2.1 - Algorithms (Part 1)

I decided to follow savemyexams here with doing searching/sorting algorithms (which really should be in part 2), earlier

Principles of Computational Thinking

- Computational thinking is the process of breaking down a problem into smaller parts and solving them one at a time.
- It contains 3 main components:

Abstraction
Decomposition
Algorithmic thinking

Abstraction

- Abstraction is the process of simplifying a problem by removing unnecessary details.
- An example of abstraction could be a high-level programming language like Python or C, which hide the differences between different processor architectures so your program will run the same everywhere without having to worry about the underlying hardware.
- There are plenty of other examples as well, such as the concept of 'processes' in OSes, allowing multiple programs to run concurrently without having to manage the CPU and memory at a low level.

Decomposition

- Decomposition is the process of breaking down a problem into smaller parts, which can then be solved individually.
- An example of decomposition could be a mathematical equation, which can be broken down into smaller parts such as addition, subtraction, multiplication, and division.
- This process is also used in programming, where a program can be broken down into smaller parts such as functions, loops, conditionals, and variables.

Algorithmic thinking

- Algorithmic thinking is turning a problem into a series of basic step-by-step instructions.
- It requires the combined use of both abstraction and decomposition.
- Algorithms help problems become automated and let computers understand what to do.
- A good algorithm should be as bulletproof but simple as possible, to reduce the chance of problems.

Searching Algorithms

- Searching algorithms are algorithms used to efficiently find a specific element in a list.
- The two sorting algorithms you need are Linear Search and Binary Search.
- For searching (and sorting) algorithms, you need to understand time complexity. This is written in big O notation. Something like O(n) means that if it took 1 second for each object in a list, it would take n seconds to search the entire list.

Linear Search

Definition:

Linear search is the simplest search algorithm. It checks each element in a list, one by one, until it finds the target value or reaches the end of the list. This method does not require the list to be sorted.

How It Works:

Start at the beginning of the list.
Compare the current element with the target value you are searching for.
If the current element matches the target, the search is successful, and the index of the element is returned.
If the current element does not match the target, move to the next element in the list.
Repeat steps 2-4 until you either find the target value or reach the end of the list.
If the end of the list is reached without finding the target value, the search is unsuccessful, and a suitable message or value (like -1) is returned.

Example:

Imagine you have a list of numbers: [3, 8, 12, 5, 6], and you want to find the number 12 using linear search.

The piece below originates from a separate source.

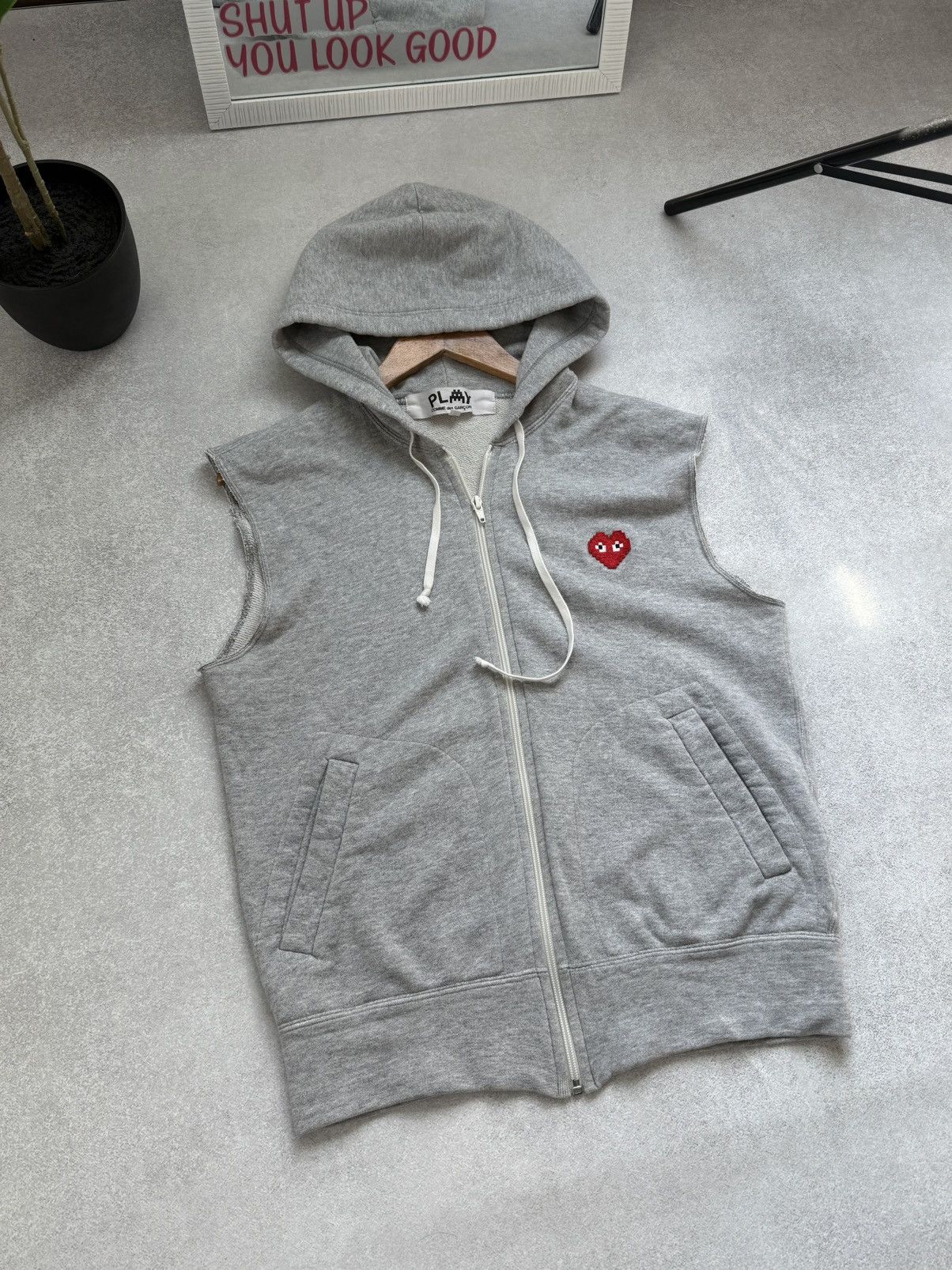 Comme des Garcons Comme des Garçons Play Hoodie Vest Zip-Up Heart Sleeveless Size US S / EU 44-46 / 1 - 5 Thumbnail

Start with the first number (3) – it's not 12.
Move to the next number (8) – it's not 12.
Move to the next number (12) – this time, it matches the target. The search is successful.

Pros:

Simple to implement and understand.
Works on both sorted and unsorted lists.

Cons:

Inefficient for large lists because each element must be checked, one at a time.
Worst-case scenario: it checks all elements, making it slow for large datasets (with a time complexity of O(n), where n is the number of elements in the list).

Implementation (Python):

def linear_search(arr, target):
    # Traverse through the list
    for i in range(len(arr)):
        # If the target is found, return the index
        if arr[i] == target:
            return i
        # Repeat
        
    # If the target is not found, return -1
    return -1

Binary Search

Definition:

Binary search is a more efficient search algorithm that works only on sorted (in order) lists. It repeatedly divides the search interval in half to find the target value.

How It Works:

Start with two pointers – one at the beginning of the list (low) and one at the end (high).
Calculate the middle point of the list using the formula: middle = (low + high) // 2.
(// is 'floor division'. Just division but you discard the remainder.)
Compare the middle element with the target value:
- If the middle element matches the target value, the search is successful, and the index is returned.
- If the target value is less than the middle element, narrow the search to the left half of the list by setting high = middle - 1.
- If the target value is greater than the middle element, narrow the search to the right half of the list by setting low = middle + 1.
Repeat steps 2-3 until the target value is found or the low pointer exceeds the high pointer, indicating the target is not in the list.

Example:

Imagine you have a sorted list of numbers: [2, 4, 7, 10, 15, 20], and you want to find the number 10 using binary search.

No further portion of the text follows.